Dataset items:
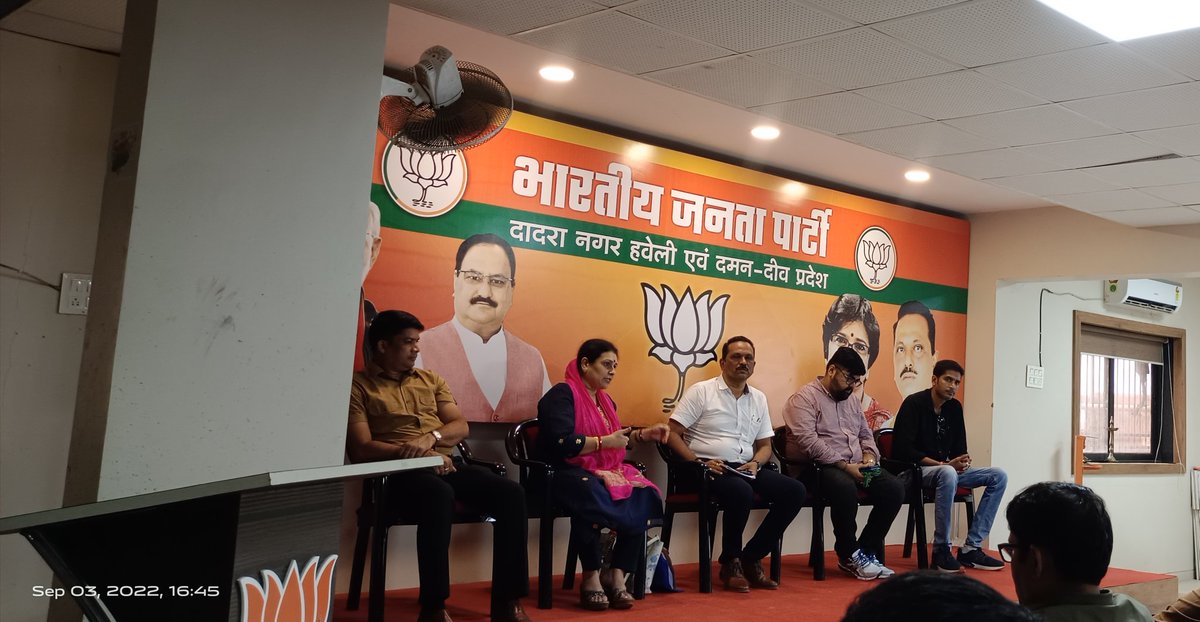 jigneshsahir's tweet photo. सिलवासा स्थित अटल भवन पर सोशियल मीडिया की अहमियत समजाने हेतु संयुक्त मोर्चो कि एक बैठक हुई। जिसमें @MrsGandhi जी ने ख़ास तौर पर उपस्थि�� रहकर सभी को सोशियल मीडिया के बारे में विस्तृत जानकारी दी। @@VijayaRahatkar @JPNadda @deepesh_tandel @BJYMinDNH_DD @dnh @DddParty https://t.co/451x4y8Yns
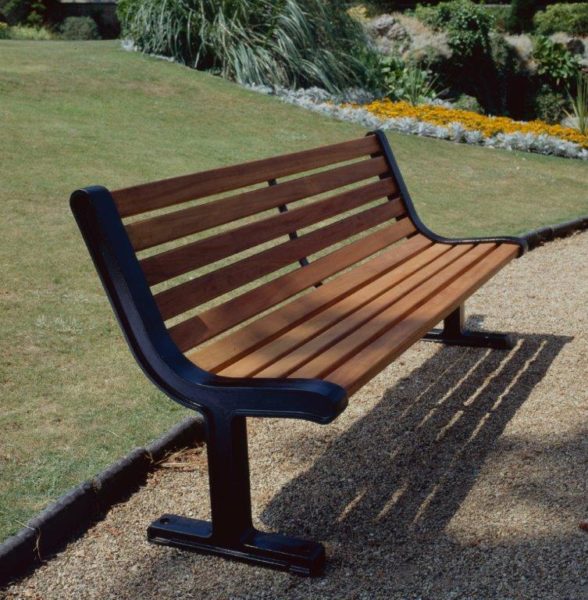 Braeburn park bench by Orchard Street Furniture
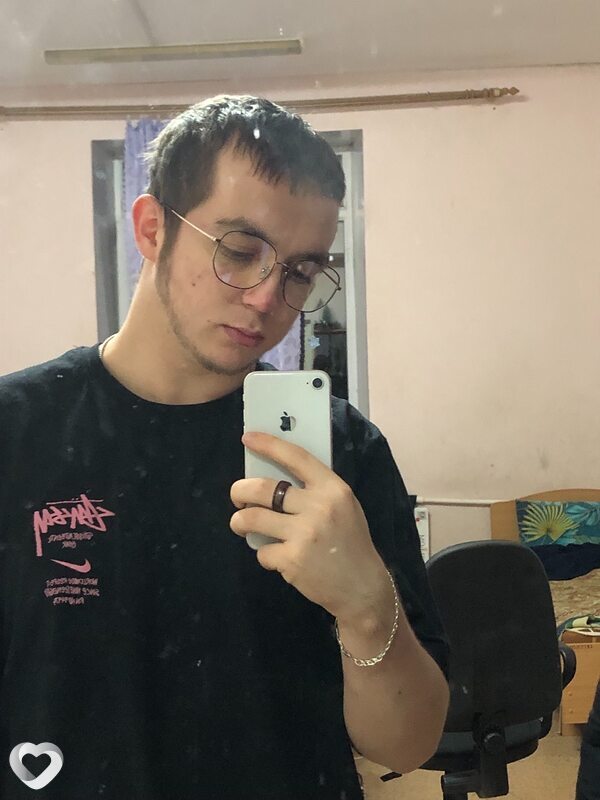 Максим, 21, Нижнем Тагиле — анкета №3875149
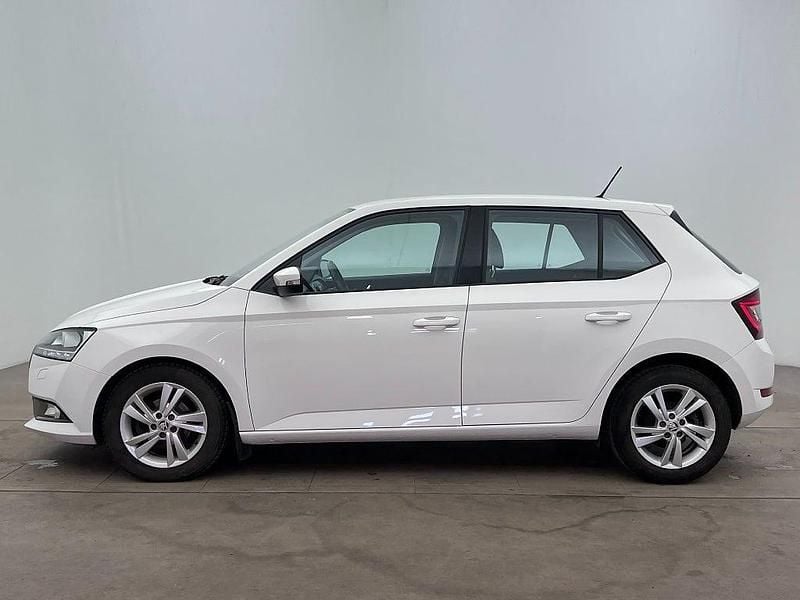 Begagnad Skoda Fabia 95 HK (69 kW) 2021 Vit Halvkombi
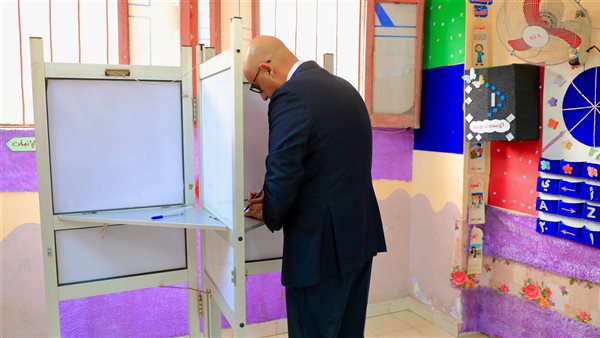 وزير التعليم يدلي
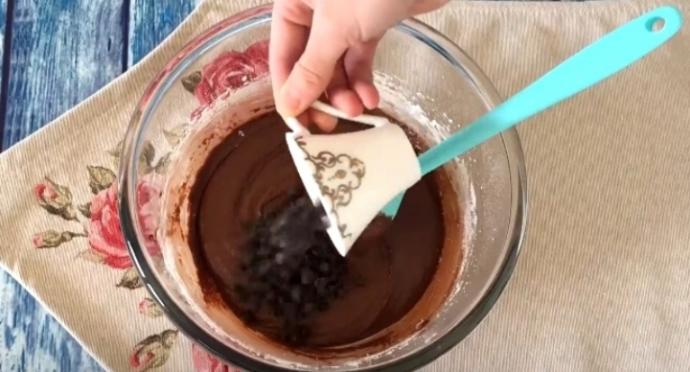 Daha Önce Yemeyenler İçin Müthiş Lezzet: Brownie Sandviç Nasıl Yapılır?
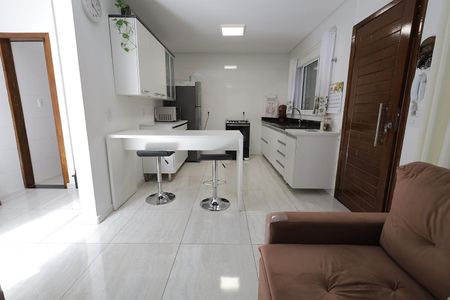 Casa à venda com 117m², 2 quartos e 2 vagas Casa à venda com 117m², 2 quartos e 2 vagasSala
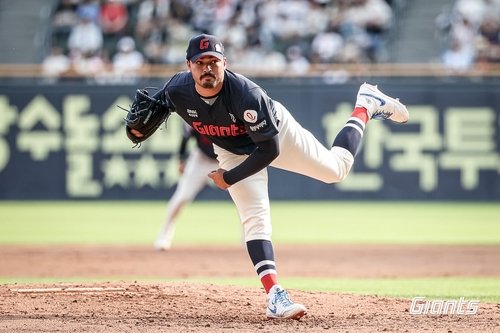 최고 시속 157㎞ 강속구로 두산 타선을 잠재운 롯데 감보아 (출처=연합뉴스)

__EXERCISE INSTRUCTIONS__
The expected answer is an exact copy of the lines from the one containing "وزير التعليم يدلي" through the last line of the entries above, both included, without pictures.

__RESULT OF THIS EXERCISE__
 وزير التعليم يدلي
 Daha Önce Yemeyenler İçin Müthiş Lezzet: Brownie Sandviç Nasıl Yapılır?
 Casa à venda com 117m², 2 quartos e 2 vagas Casa à venda com 117m², 2 quartos e 2 vagasSala
 최고 시속 157㎞ 강속구로 두산 타선을 잠재운 롯데 감보아 (출처=연합뉴스)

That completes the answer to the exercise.